Another whistle blew from underneath the Sacred Heart basket. The smattering of Boston College men’s basketball fans poured out a sensational amount of boos. Jim Christian joined in—not with a boo, but with an emphatic turn away from the officials, flailing his arms out, resigned to the calls going against his Eagles. If the native New Yorker’s actions could speak, they’d likely be saying “fuhgeddaboudit.”
Yet Jerome Robinson remained unfazed by the 14-2 run by the Pioneers and the prospects of dropping another winnable game to a (theoretically) inferior non-conference opponent. The sophomore guard demanded the ball, pulling up from 3-point land. In the process, SHU’s Charles Tucker knocked him onto the floor for a foul.
While on the hardwood, Robinson chucked up double threes with his fingers. He knew that ball was going in before it switched through the net. The Eagles didn’t have to worry again after all.
With a career-high 32 points, Robinson willed the Eagles to a 82-75 victory over Sacred Heart. It was the seventh time Robinson had broken the 20-point mark this season. That total is also the fourth-highest among ACC players this season. For Christian, Robinson’s ability to remain calm was a huge benefit for his club.
“He let the game come to him, he didn’t get emotionally down, he didn’t take crazy and wild shots,” Christian said.

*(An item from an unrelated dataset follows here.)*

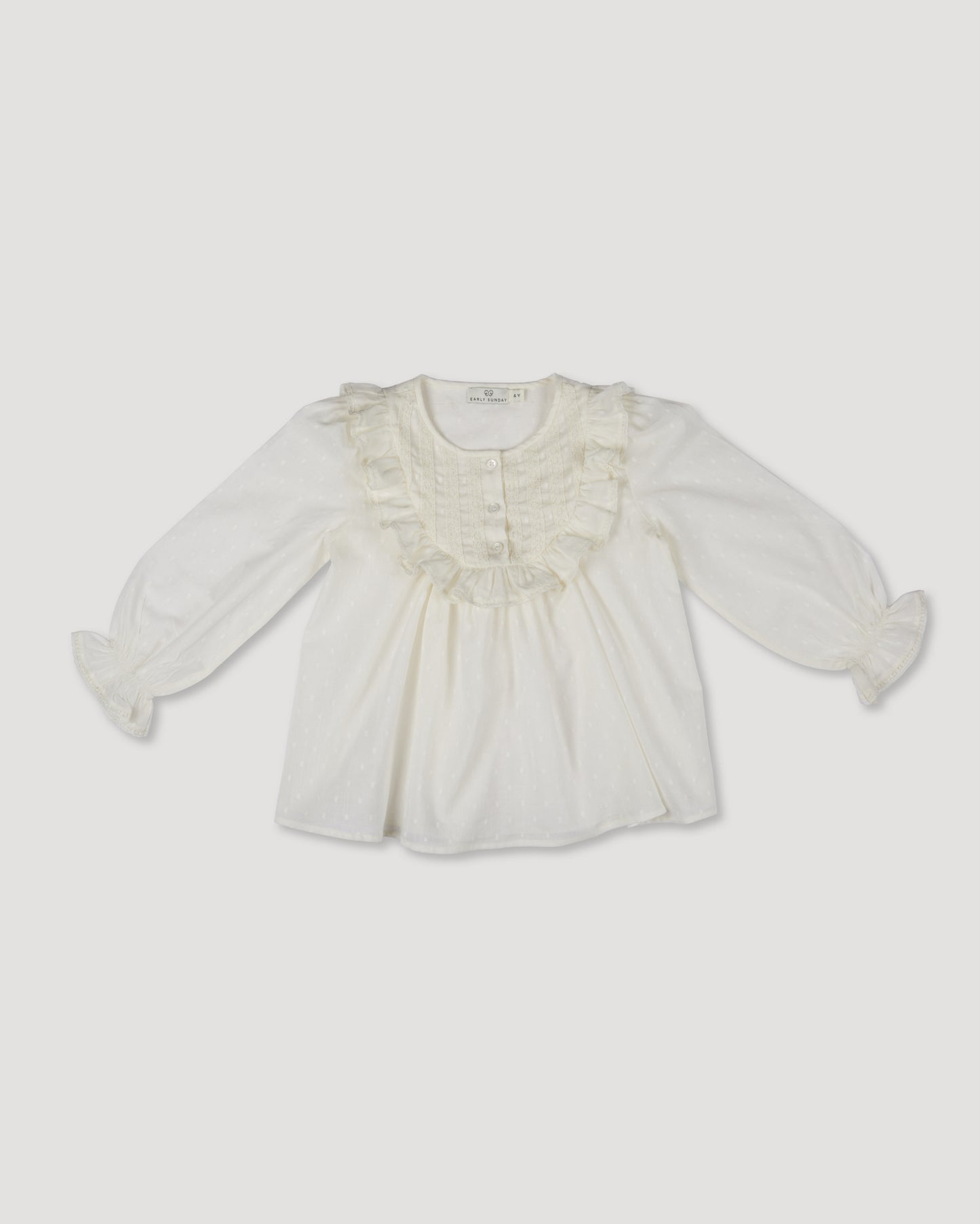 Early Sunday, Lauren Blouse in Ecru, made from Cotton Swiss Dobby fabric, featuring relaxed fit with a floral embroidered yoke, shown in a front flat-lay view
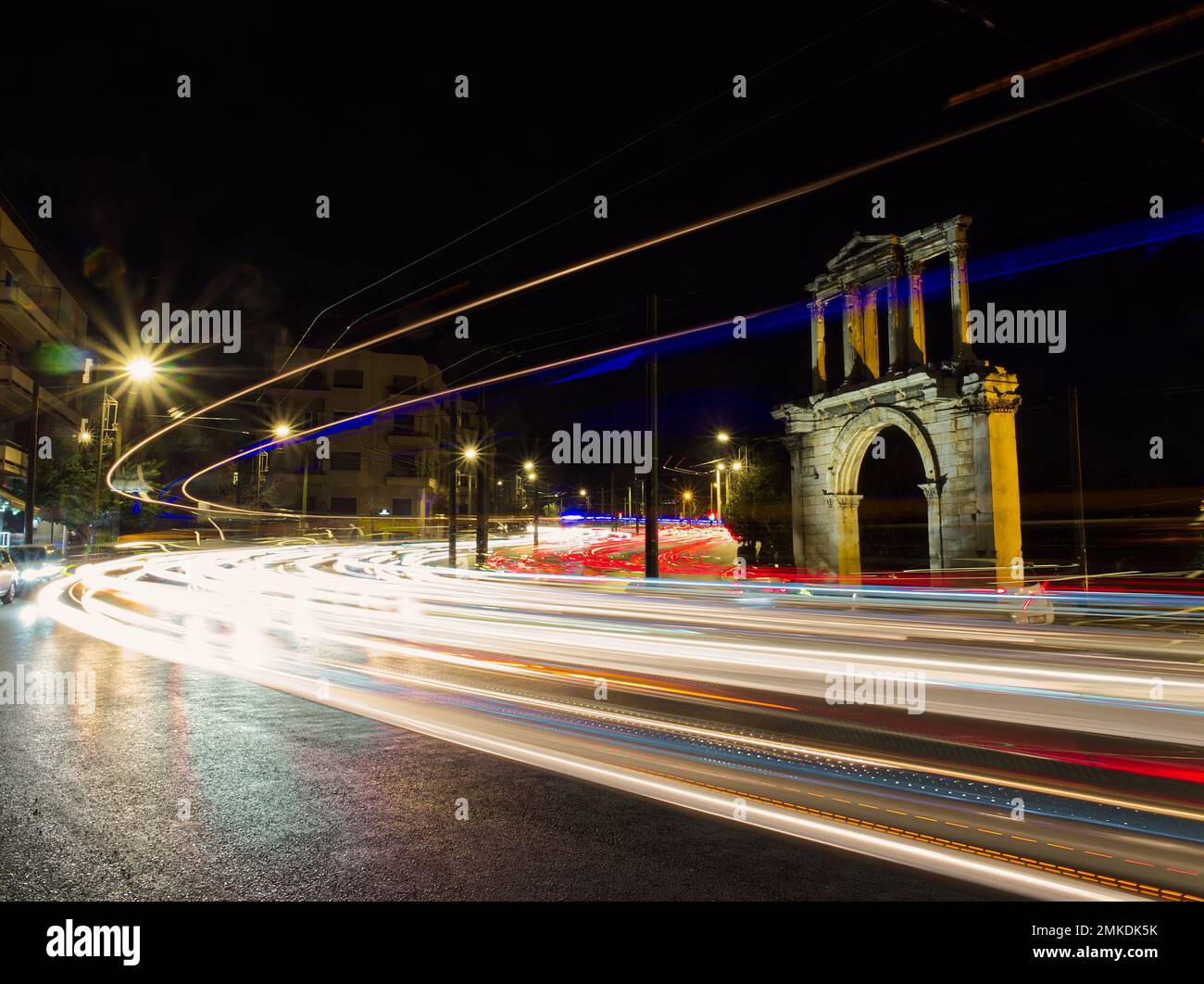 Light trails under Hadrian Arch, Athens, Greece Stock Photo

The Eagles (6-5) didn’t even get anything out of him for the first seven minutes against Sacred Heart (5-7). Robinson didn’t make an attempt, allowing his teammates to take the early charge. A.J. Turner got the scoring started with a 3-pointer. Mo Jeffers challenged the Pioneers’ equally undersized forwards inside with a few early points. And Ky Bowman kept attacking the basket with reckless abandon, with every play looking like that game-winner he set up for Nik Popovic against Auburn.

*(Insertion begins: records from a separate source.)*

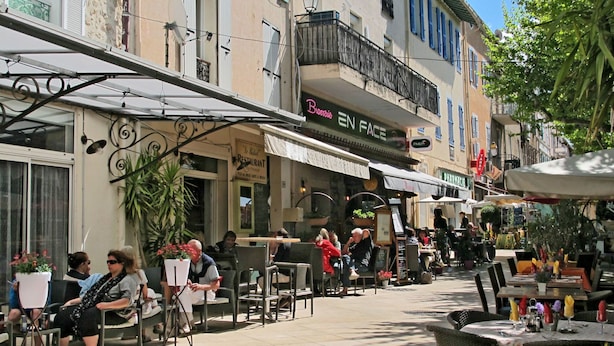 Ein Straßencafé mit Tischen und Stühlen, umgeben von Gebäuden mit Geschäften und Restaurants.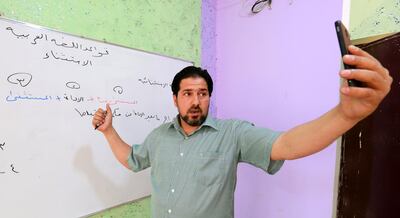 Yasir Sabah, an Arabic teacher, conducts an online lesson to his students by his mobile phone in Fallujah city, western Baghdad. EPA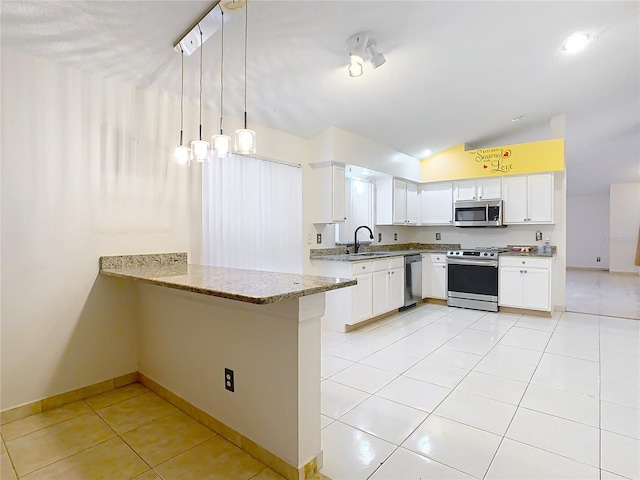 kitchen with pendant lighting, kitchen peninsula, white cabinets, and appliances with stainless steel finishes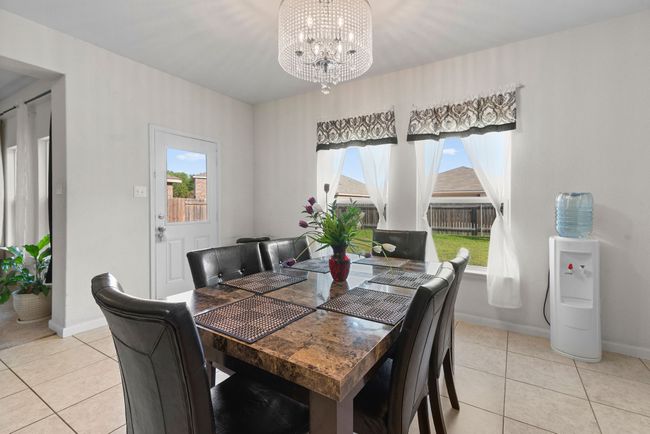 Dining area with a wealth of natural light, a chandelier, and light tile patterned flooring | Image 11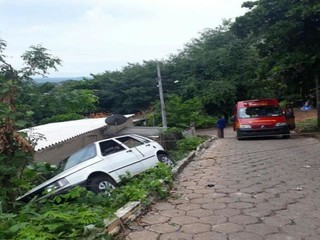 Carro sai da pista, fica pendurado e por pouco não cai sobre residência Carro sai da pista, fica pendurado e por pouco não cai sobre residência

When Robinson finally got onto the scoreboard, he did it in stylish fashion. His first two attempts were a spinning layup around Sacred Heart’s Quincy McKnight and a two-handed dunk off a turnover he forced.
The Eagles also showed off good ball movement in the first half. On one play, Turner teased a floater in the lane, before no-look passing it over to Popovic for an easy floater. On another, BC let the clock tick down to the end of the shot clock before launching a Draymond Green-esque 3-pointer—doing it while kicking out his right leg. Defensively, the Eagles kept the pressure on the Pioneers—in total, they forced 21 turnovers.

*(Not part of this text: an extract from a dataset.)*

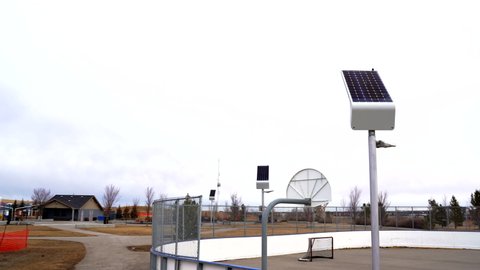 An outdoor hockey rink and basketball court outfitted with solar panel charging lights in the sustainable community of Airdrie Alberta Canada.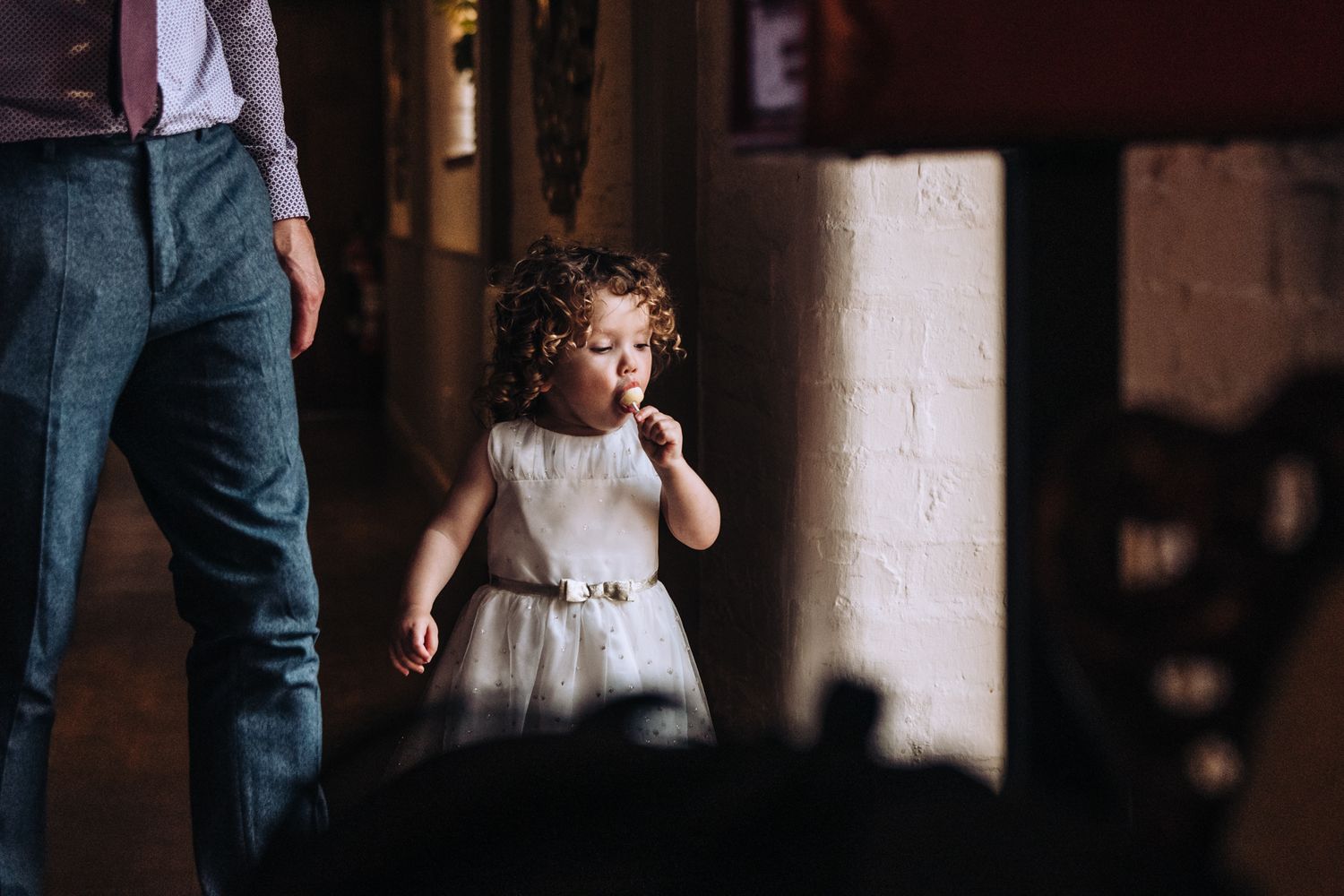 A small child in a white dress sucking a lollypop stands in dramatic lighting casting shadows on a wall.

Yet the second half became a struggle for BC. Led by McKnight and Joseph Lopez, Sacred Heart stormed back with the aforementioned long run. Even worse, BC allowed the Pioneers to get into the bonus by the 15 minute mark. It was the kind of effort that frustrated Christian and left him questioning why his team cannot pull away from lesser opponents. Christian guesses that it isn’t because he lacks players with the skill to win, but rather the sense of mind to put in the dagger.
“I’m talking more mental mistakes than physical mistakes,” Christian said. “It seems like every time we get a chance to put somebody away, we’ll make three or four mental mistakes in a row.”
Fortunately for Christian, he has a player like Robinson. Immediately following that big 3-pointer, Robinson chased down McKnight for a huge block. Robinson matched the Sacred Heart star shot-for-shot—and he’d need to, considering McKnight finished with 36 points.
With the Pioneers holding close, the Eagles turned to their veteran 3-point specialist, Jordan Chatman. The 23-year-old didn’t have a strong game against Auburn from deep, and was barely a factor for much of the game. Yet on back-to-back possessions, Chatman knocked down 3-pointers off turnovers to push BC’s lead to double digits. At that point, the Eagles had little reason to worry.
“It was good to see him shoot the ball with confidence,” Christian said. “I’m not surprised he knocked down those in a row.”
Once again, without Robinson, the Eagles would have been in serious trouble. The road gets harder from here, especially once ACC play starts on Jan. 1. Christian recognizes this, too, and how imperative it is for a second scorer to rise up. But for now, as long as the Eagles do have Robinson, there’s no doubt they’ll be in every game til the end.